Fifty years ago, when the nation’s appellate judges and their law clerks researched an issue and cited authority on a point, they worked from and referred to books drawn from a library shelf. Today, although their many citations employing volume and page numbers evoke that era, judges and those who support them are, nearly always, drawing upon one of two comprehensive digital collections of caselaw, statutes, and commentary, Lexis or Westlaw. In some jurisdictions subscriptions to both services allow individual judges to choose between them. That is true of the federal judiciary and many state courts, as well. Some states, however, contract with only one of the competing offerings. (For background on this point, see How State Courts Contract for Online Legal Information.)
Which of the two digital law libraries, a court or individual judge employs leaves a marker, akin to DNA, in some of the decisions they write. As a consequence, it is possible to investigate these two systems’ respective shares of judicial use. The telltale trace is left whenever a judge cites a decision that has not yet been (and may never be) compiled into a numbered and paginated volume. Lexis and Westlaw provide distinctive, proprietary schemes for citing such cases. The Lexis document identifier includes the term “LEXIS”; Westlaw’s, “WL”. A search for those unique character strings in a court’s opinions (while still in the form of their initial release and before they have been added to and altered by either commercial system) reveals their authors’ data source.
Such a search is possible on the Courtlistener database maintained by the Free Law Project (www.courtlistener.com). A Courtllistener search of the 2025 decisions released by the U.S. Supreme Court and Circuit Court of Appeals, as well as those of all state courts of last resort, reveals the following:
- During 2025 the justices of the Supreme Court included numerous “WL” citations in their opinions but not a single “LEXIS” case reference. Despite their many substantive disagreements, all nine justices appear unanimous in a preference for Westlaw.

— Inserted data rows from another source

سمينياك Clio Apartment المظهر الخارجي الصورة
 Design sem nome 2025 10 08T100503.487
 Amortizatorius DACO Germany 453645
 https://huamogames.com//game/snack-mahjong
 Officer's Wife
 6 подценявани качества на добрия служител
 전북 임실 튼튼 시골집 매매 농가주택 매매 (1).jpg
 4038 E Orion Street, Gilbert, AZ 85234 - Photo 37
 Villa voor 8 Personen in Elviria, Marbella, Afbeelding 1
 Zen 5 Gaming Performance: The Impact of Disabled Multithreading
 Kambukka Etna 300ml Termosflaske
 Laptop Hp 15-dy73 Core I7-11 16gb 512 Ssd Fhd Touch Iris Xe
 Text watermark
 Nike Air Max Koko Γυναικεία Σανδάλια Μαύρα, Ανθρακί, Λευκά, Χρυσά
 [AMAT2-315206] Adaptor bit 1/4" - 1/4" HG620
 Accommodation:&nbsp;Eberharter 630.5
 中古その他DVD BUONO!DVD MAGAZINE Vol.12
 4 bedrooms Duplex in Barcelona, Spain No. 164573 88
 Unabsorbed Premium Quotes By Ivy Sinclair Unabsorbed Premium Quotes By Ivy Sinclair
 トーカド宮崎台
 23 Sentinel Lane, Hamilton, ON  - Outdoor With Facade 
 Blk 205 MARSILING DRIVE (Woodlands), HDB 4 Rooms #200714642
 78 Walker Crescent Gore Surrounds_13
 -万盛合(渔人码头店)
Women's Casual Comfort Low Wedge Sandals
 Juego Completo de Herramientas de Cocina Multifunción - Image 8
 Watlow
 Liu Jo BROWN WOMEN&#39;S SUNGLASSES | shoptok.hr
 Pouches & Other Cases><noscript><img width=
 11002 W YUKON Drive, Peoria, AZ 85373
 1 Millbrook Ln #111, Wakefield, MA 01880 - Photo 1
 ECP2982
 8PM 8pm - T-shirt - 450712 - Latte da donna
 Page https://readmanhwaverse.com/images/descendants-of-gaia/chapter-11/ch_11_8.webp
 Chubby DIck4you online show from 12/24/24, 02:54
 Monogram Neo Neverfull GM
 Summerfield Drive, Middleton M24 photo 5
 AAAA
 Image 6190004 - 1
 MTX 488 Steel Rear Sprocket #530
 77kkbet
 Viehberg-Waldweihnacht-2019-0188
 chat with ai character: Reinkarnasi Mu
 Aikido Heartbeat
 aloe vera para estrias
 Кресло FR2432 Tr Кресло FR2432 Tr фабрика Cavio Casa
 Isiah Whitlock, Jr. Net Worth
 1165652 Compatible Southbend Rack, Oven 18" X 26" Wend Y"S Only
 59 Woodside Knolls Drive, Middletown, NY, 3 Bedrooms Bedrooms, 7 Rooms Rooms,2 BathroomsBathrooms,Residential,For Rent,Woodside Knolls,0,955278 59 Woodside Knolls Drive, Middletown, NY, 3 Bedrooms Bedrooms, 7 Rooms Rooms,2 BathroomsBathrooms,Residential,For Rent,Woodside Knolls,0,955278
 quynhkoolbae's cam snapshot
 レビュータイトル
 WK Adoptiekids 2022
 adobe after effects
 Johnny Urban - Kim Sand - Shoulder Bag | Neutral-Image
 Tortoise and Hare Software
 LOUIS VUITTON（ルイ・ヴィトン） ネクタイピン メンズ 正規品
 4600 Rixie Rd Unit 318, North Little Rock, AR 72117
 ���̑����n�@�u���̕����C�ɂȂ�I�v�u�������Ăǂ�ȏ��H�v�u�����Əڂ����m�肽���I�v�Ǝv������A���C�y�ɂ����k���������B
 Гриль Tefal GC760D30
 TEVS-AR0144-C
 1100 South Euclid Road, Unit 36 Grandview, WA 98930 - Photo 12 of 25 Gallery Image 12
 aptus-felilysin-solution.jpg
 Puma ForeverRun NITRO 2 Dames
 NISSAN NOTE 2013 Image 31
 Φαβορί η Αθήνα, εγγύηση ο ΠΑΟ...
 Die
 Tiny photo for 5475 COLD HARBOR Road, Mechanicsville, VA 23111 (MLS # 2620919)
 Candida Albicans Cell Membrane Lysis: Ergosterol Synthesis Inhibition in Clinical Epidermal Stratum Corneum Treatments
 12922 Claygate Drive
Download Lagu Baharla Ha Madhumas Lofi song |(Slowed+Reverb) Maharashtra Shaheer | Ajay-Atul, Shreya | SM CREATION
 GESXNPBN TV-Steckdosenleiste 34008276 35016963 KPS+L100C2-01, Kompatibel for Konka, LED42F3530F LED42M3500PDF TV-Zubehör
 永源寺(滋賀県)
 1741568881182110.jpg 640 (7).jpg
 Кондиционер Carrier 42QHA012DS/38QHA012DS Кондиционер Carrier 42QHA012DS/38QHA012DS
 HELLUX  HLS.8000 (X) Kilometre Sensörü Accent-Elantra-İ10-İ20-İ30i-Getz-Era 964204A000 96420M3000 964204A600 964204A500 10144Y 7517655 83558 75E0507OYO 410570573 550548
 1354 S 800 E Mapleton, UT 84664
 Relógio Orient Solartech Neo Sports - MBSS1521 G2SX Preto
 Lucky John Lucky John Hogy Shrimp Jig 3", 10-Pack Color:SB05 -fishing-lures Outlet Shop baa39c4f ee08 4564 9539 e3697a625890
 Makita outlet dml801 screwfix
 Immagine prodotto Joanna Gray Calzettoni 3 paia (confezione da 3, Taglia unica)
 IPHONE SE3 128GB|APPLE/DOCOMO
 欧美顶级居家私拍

- Roughly two thousand 2025 decisions by U.S. Court of Appeals judges cited to Westlaw, fewer than one hundred to Lexis. (Names can be named. Judge Frank Easterbrook of the 7th Circuit appears to be a committed Lexis user.)
- Among the 2025 decisions rendered by state courts of last resort, “WL” appears in over one thousand, “LEXIS” in fewer than one hundred. The only significant “LEXIS” totals appear in decisions from the supreme courts of Montana and Virginia.
Unfortunately, Courtlistener’s collection of recent U.S. District Court decisions is insufficiently complete for it to be used for a comparable survey. However, the way Westlaw and Lexis treat judicial citations that employ the other’s proprietary scheme makes it possible to turn their own systems to this purpose.
Westlaw does not insert parallel LEXIS citations for WL citations when the opinion author has not provided them. Consequently, a Westlaw search of 2025 U.S. District Court opinions for the term “LEXIS” furnishes a rough measure of Lexis use by district court judges. Such a search yields a count of 1,438 decisions. An identical search on the term “WL” retrieves a larger number than Westlaw will total.
Tellingly, Lexis does add parallel “LEXIS” cites to all those in which a judge has employed a Westlaw “WL” designation. Consequently, a comparable pair of searches on Lexis produces meaningless results. However, when a judge’s Westlaw citation includes a star-page pincite, Lexis is unable to provide its equivalent. A Lexis search designed to retrieve 2025 U.S. District Court opinions containing a WL citation followed by a star-page pincite generates a total of over 90,000. A comparable search for LEXIS citations with star-page pincites returns fewer than one-sixth that number.
In conclusion, citation analysis using both Westlaw and Lexis reveals that, just as is true with other U.S. courts, when doing caselaw research a large majority of U.S. District Court judges use Westlaw.